● **Exercise goal**: Set down each line of the material that follows exactly, and leave its pictures out.

● **Dataset excerpt**:
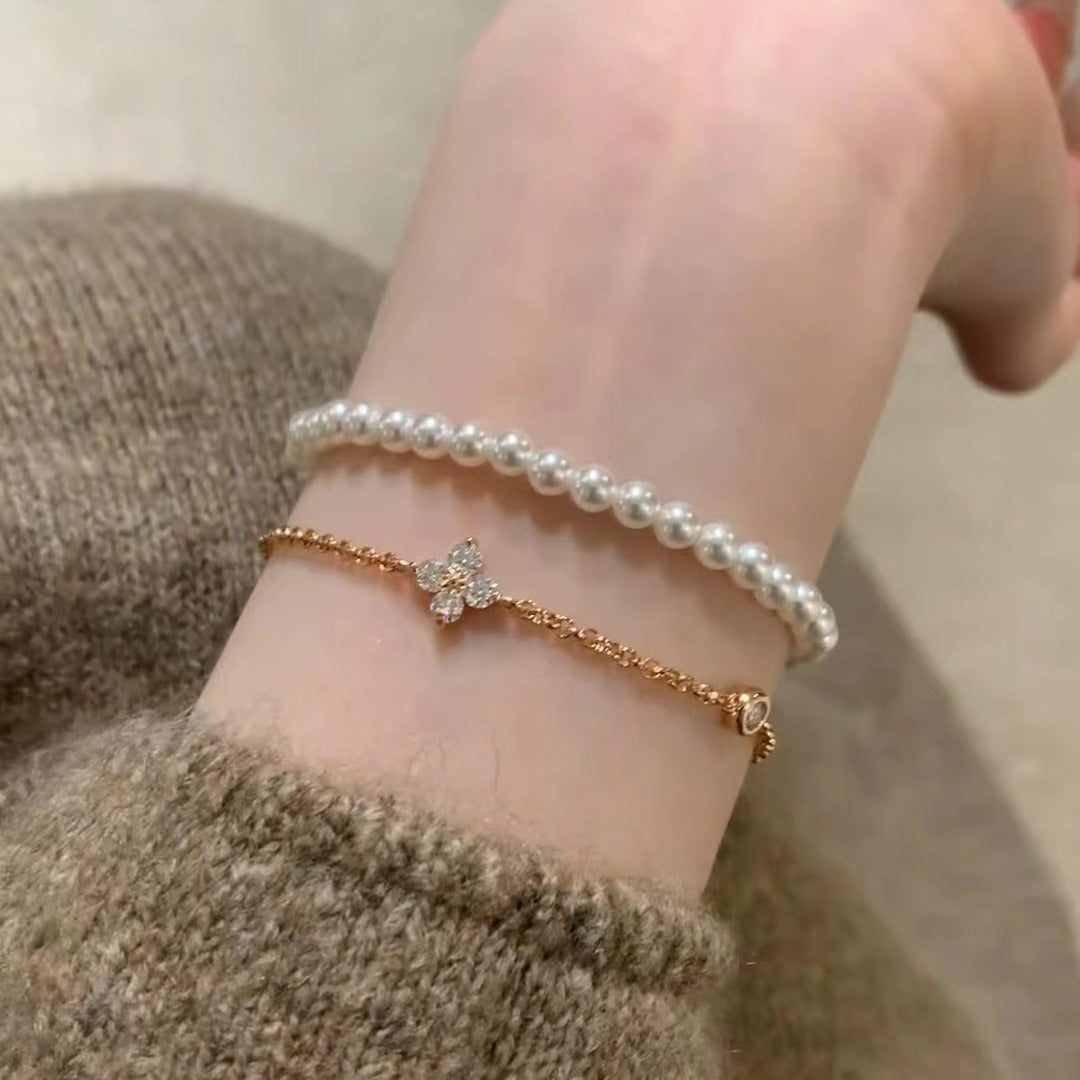 Sterling Silver S925 High Carbon Diamond Four-Leaf Clover Bracelet Light Luxury High-End Exquisite Niche Design Jewelry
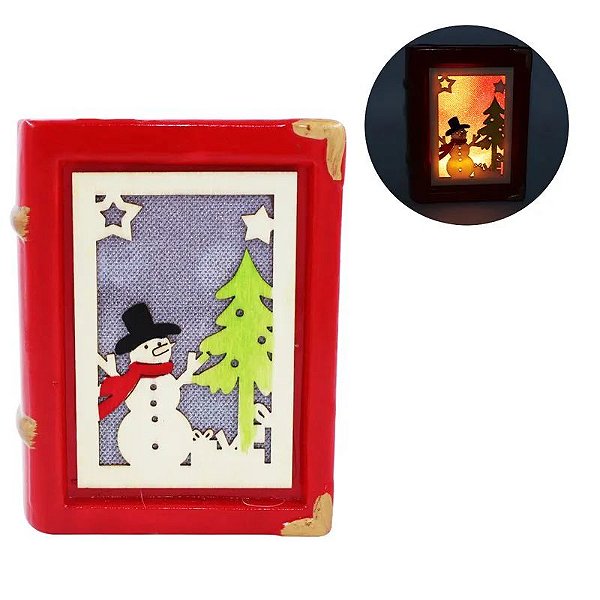 LIVRO DECORATIVO NATALINO COM  LED 12CM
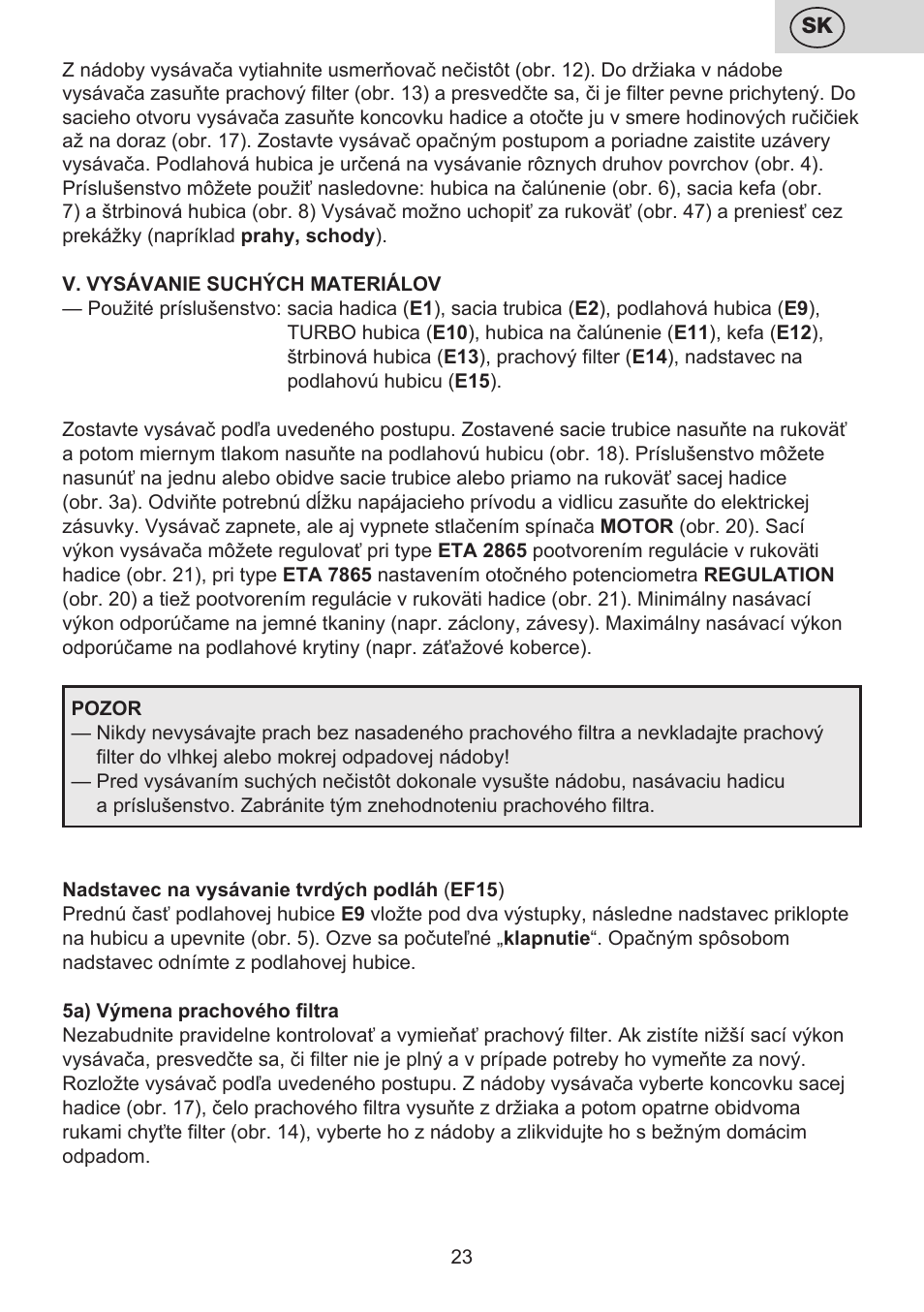 ETA Mariner bez exteronu User Manual | Page 23 / 100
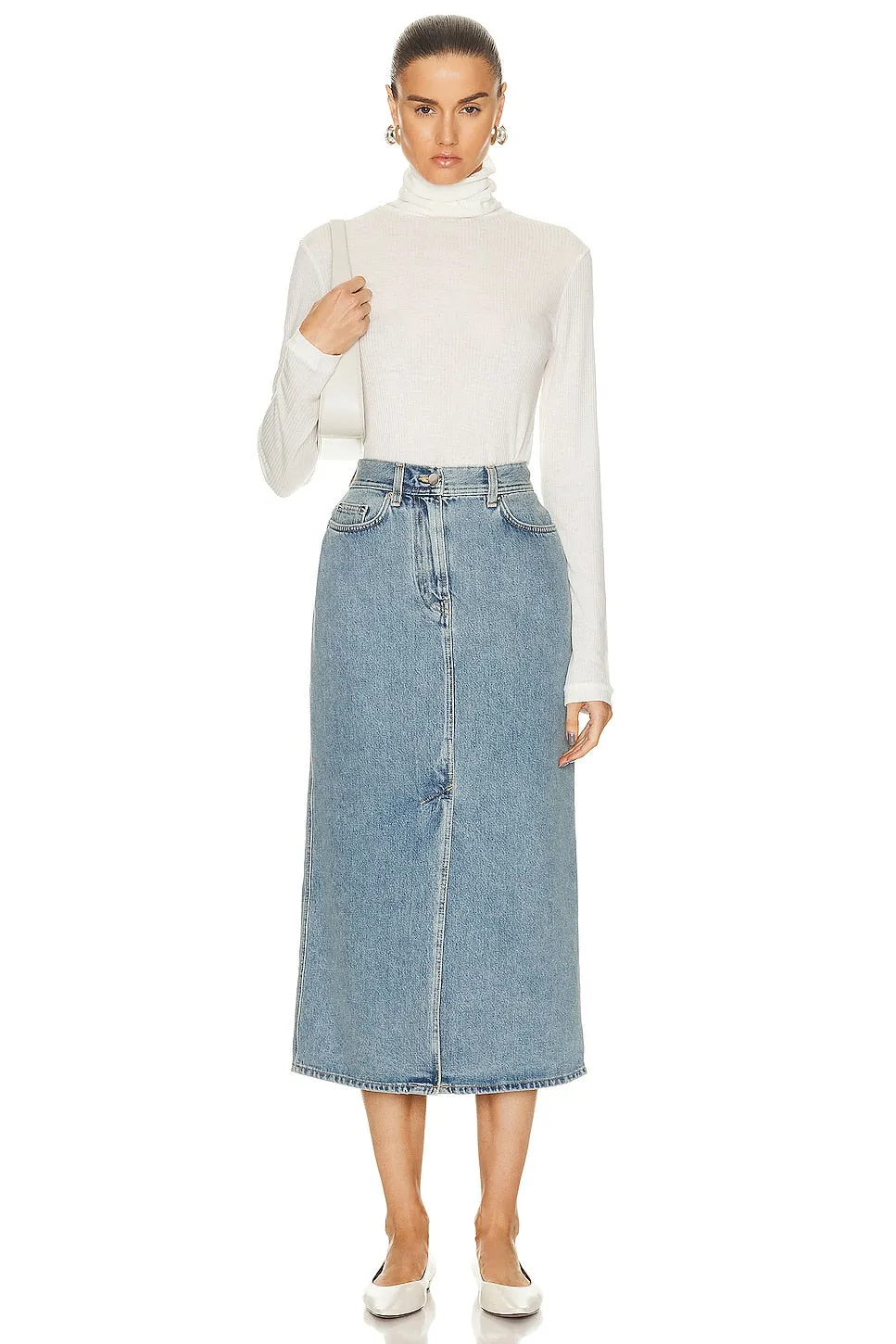 Loulou Studio Rona Denim Long Skirt, Washed Light Blue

● **Response area**:
 Sterling Silver S925 High Carbon Diamond Four-Leaf Clover Bracelet Light Luxury High-End Exquisite Niche Design Jewelry
 LIVRO DECORATIVO NATALINO COM  LED 12CM
 ETA Mariner bez exteronu User Manual | Page 23 / 100
 Loulou Studio Rona Denim Long Skirt, Washed Light Blue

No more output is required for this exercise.